Revisão de Literatura:
1. Ordem Processual e o Interrogatório do Réu Conforme expresso no artigo 400 do Código de Processo Penal (CPP), o interrogatório do réu deve ser o último ato da fase de instrução. Segundo Renato Brasileiro de Lima (2022), essa disposição visa garantir que o acusado seja ouvido em um momento em que já teve acesso a todas as provas contra si, podendo, assim, se defender de maneira mais completa.
2. Nulidades no Processo Penal O sistema de nulidades no CPP segue o princípio do prejuízo (pas de nullité sans grief), conforme preconizado por Ada Pellegrini Grinover (2011), garantindo que a nulidade só seja reconhecida quando houver efetivo prejuízo para a defesa. A doutrina também distingue entre nulidades absolutas e relativas, sendo as últimas aquelas que podem ser sanadas se não forem apontadas nos momentos processuais adequados. Nesse sentido, o artigo 571 do CPP prevê que as nulidades da fase de instrução devem ser suscitadas até as alegações finais.
Análise:
A Terceira Seção do STJ determinou que a nulidade decorrente da inversão da ordem do interrogatório pode ser arguida até as alegações finais, em conformidade com o artigo 571, I e II, do CPP. Isso corrigiu a interpretação de que a nulidade deveria ser suscitada imediatamente após a defesa perceber a inversão na ordem das oitivas. Essa interpretação reforça o entendimento de que o prazo para arguir nulidades deve respeitar o rito processual completo, preservando o direito à defesa ampla e efetiva.
Implicações Práticas:
A decisão do STJ, ao tratar da nulidade no interrogatório do réu, segue o princípio do devido processo legal, conforme previsto no artigo 5º, inciso LIV, da Constituição Federal. Ao permitir que a nulidade seja arguida até as alegações finais, o tribunal evita formalismos que poderiam comprometer a defesa do réu. De acordo com Eugênio Pacelli (2020), o interrogatório é considerado o ápice da defesa pessoal do acusado, razão pela qual sua inversão injustificada afeta diretamente o exercício da ampla defesa.

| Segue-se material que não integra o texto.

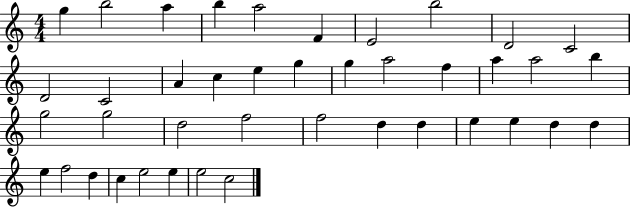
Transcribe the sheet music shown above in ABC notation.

X:1
T:Untitled
M:4/4
L:1/4
K:C
g b2 a b a2 F E2 b2 D2 C2 D2 C2 A c e g g a2 f a a2 b g2 g2 d2 f2 f2 d d e e d d e f2 d c e2 e e2 c2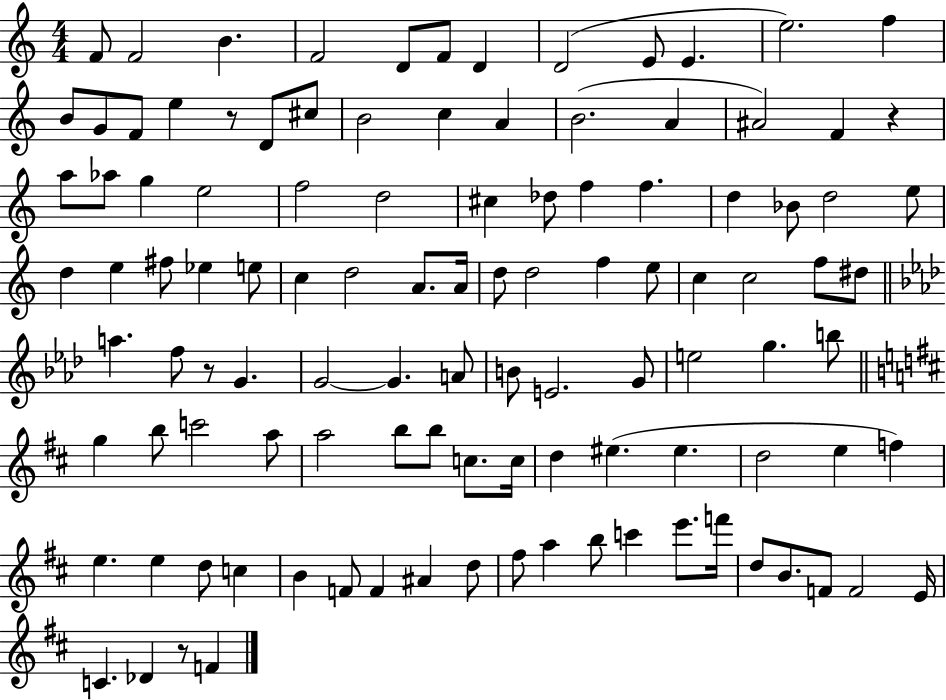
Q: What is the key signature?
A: C major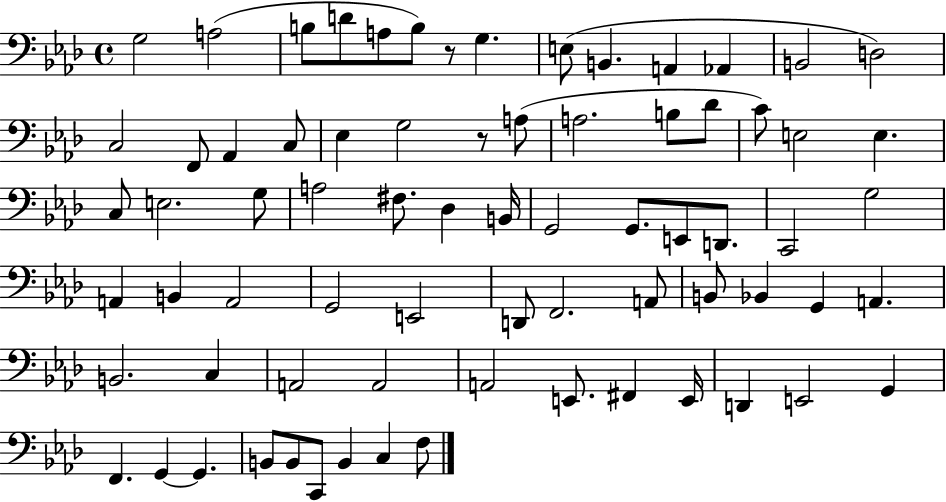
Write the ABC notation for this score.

X:1
T:Untitled
M:4/4
L:1/4
K:Ab
G,2 A,2 B,/2 D/2 A,/2 B,/2 z/2 G, E,/2 B,, A,, _A,, B,,2 D,2 C,2 F,,/2 _A,, C,/2 _E, G,2 z/2 A,/2 A,2 B,/2 _D/2 C/2 E,2 E, C,/2 E,2 G,/2 A,2 ^F,/2 _D, B,,/4 G,,2 G,,/2 E,,/2 D,,/2 C,,2 G,2 A,, B,, A,,2 G,,2 E,,2 D,,/2 F,,2 A,,/2 B,,/2 _B,, G,, A,, B,,2 C, A,,2 A,,2 A,,2 E,,/2 ^F,, E,,/4 D,, E,,2 G,, F,, G,, G,, B,,/2 B,,/2 C,,/2 B,, C, F,/2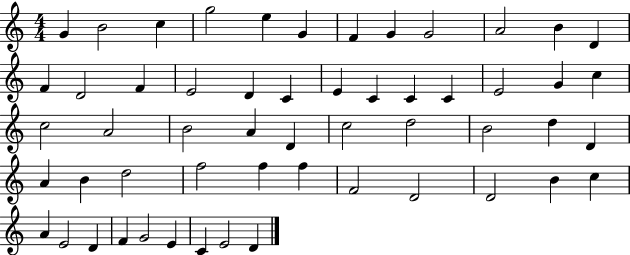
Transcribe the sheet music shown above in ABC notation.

X:1
T:Untitled
M:4/4
L:1/4
K:C
G B2 c g2 e G F G G2 A2 B D F D2 F E2 D C E C C C E2 G c c2 A2 B2 A D c2 d2 B2 d D A B d2 f2 f f F2 D2 D2 B c A E2 D F G2 E C E2 D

A jurisprudência anterior do STJ, em decisões como o REsp 1.933759/PR e o REsp 1946472/PR, já apontava para a necessidade de flexibilizar prazos para a arguição de nulidades, especialmente quando há comprometimento de garantias constitucionais. O entendimento unificado no Tema 1.114 reforça essa linha de raciocínio, assegurando que a defesa possa apresentar suas contestações até a última oportunidade prevista no processo.
Conclusão:
A decisão da Terceira Seção do STJ sobre o Tema Repetitivo 1.114 reafirma a importância da ampla defesa no processo penal, ao permitir que a nulidade relativa à inversão da ordem do interrogatório seja arguida até as alegações finais. Isso contribui para a proteção dos direitos do acusado e para a preservação da integridade do devido processo legal, sem comprometer a celeridade processual. A decisão representa um avanço na jurisprudência penal brasileira, alinhando-se aos princípios constitucionais e aos entendimentos doutrinários predominantes sobre a matéria.
Referências:
BRASILEIRO, Renato de Lima. Manual de Processo Penal. 10ª ed. Salvador: Juspodivm, 2022.

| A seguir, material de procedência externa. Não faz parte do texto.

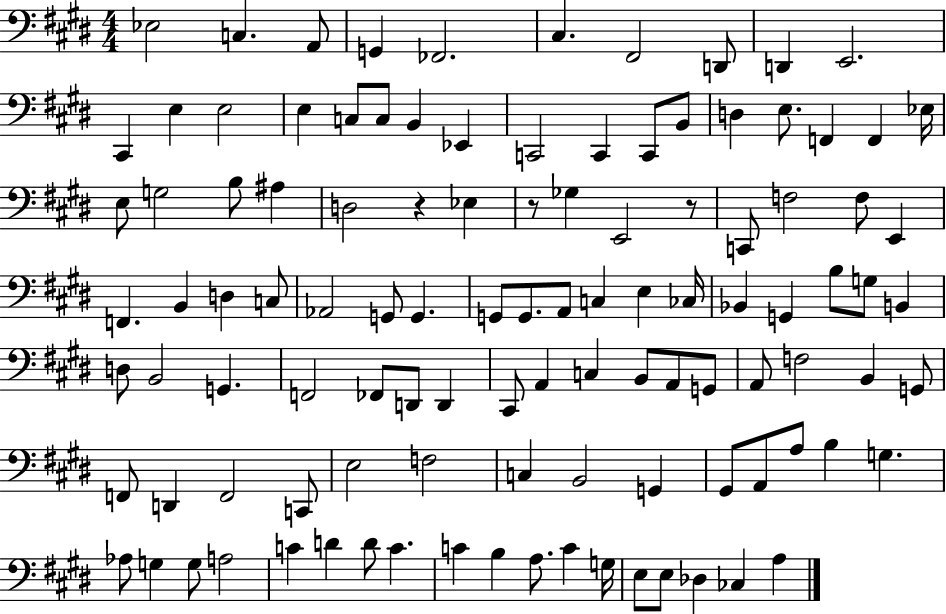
Eb3/h C3/q. A2/e G2/q FES2/h. C#3/q. F#2/h D2/e D2/q E2/h. C#2/q E3/q E3/h E3/q C3/e C3/e B2/q Eb2/q C2/h C2/q C2/e B2/e D3/q E3/e. F2/q F2/q Eb3/s E3/e G3/h B3/e A#3/q D3/h R/q Eb3/q R/e Gb3/q E2/h R/e C2/e F3/h F3/e E2/q F2/q. B2/q D3/q C3/e Ab2/h G2/e G2/q. G2/e G2/e. A2/e C3/q E3/q CES3/s Bb2/q G2/q B3/e G3/e B2/q D3/e B2/h G2/q. F2/h FES2/e D2/e D2/q C#2/e A2/q C3/q B2/e A2/e G2/e A2/e F3/h B2/q G2/e F2/e D2/q F2/h C2/e E3/h F3/h C3/q B2/h G2/q G#2/e A2/e A3/e B3/q G3/q. Ab3/e G3/q G3/e A3/h C4/q D4/q D4/e C4/q. C4/q B3/q A3/e. C4/q G3/s E3/e E3/e Db3/q CES3/q A3/q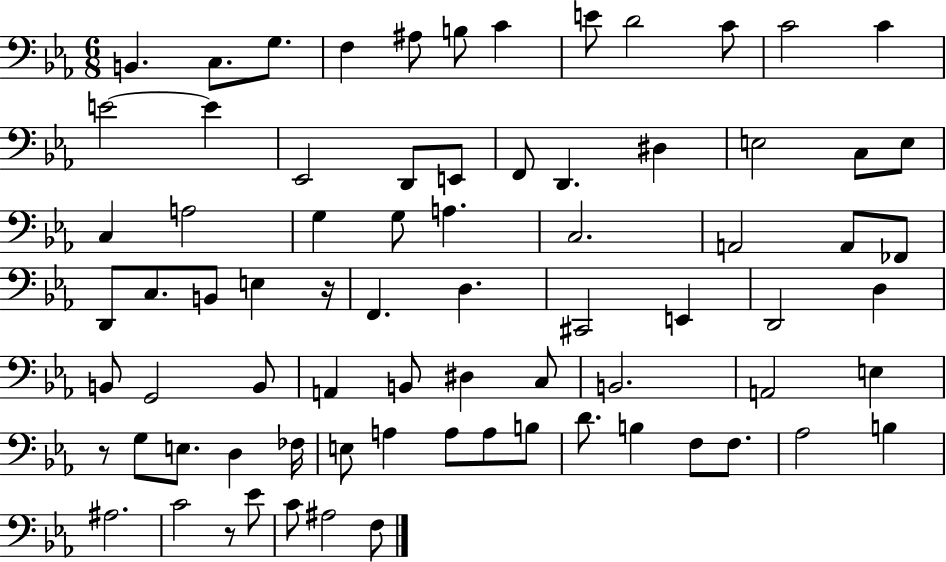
{
  \clef bass
  \numericTimeSignature
  \time 6/8
  \key ees \major
  \repeat volta 2 { b,4. c8. g8. | f4 ais8 b8 c'4 | e'8 d'2 c'8 | c'2 c'4 | \break e'2~~ e'4 | ees,2 d,8 e,8 | f,8 d,4. dis4 | e2 c8 e8 | \break c4 a2 | g4 g8 a4. | c2. | a,2 a,8 fes,8 | \break d,8 c8. b,8 e4 r16 | f,4. d4. | cis,2 e,4 | d,2 d4 | \break b,8 g,2 b,8 | a,4 b,8 dis4 c8 | b,2. | a,2 e4 | \break r8 g8 e8. d4 fes16 | e8 a4 a8 a8 b8 | d'8. b4 f8 f8. | aes2 b4 | \break ais2. | c'2 r8 ees'8 | c'8 ais2 f8 | } \bar "|."
}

GRINOVER, Ada Pellegrini. As Nulidades no Processo Penal. 12ª ed. São Paulo: Revista dos Tribunais, 2011.
PACELLI, Eugênio. Curso de Processo Penal. 21ª ed. São Paulo: Atlas, 2020.
BRASIL. Constituição da República Federativa do Brasil de 1988.
BRASIL. Código de Processo Penal. Decreto-Lei n. 3.689, de 3 de outubro de 1941.
STF. ARE 1467860. Tema Repetitivo 1.114. Superior Tribunal de Justiça, 2024.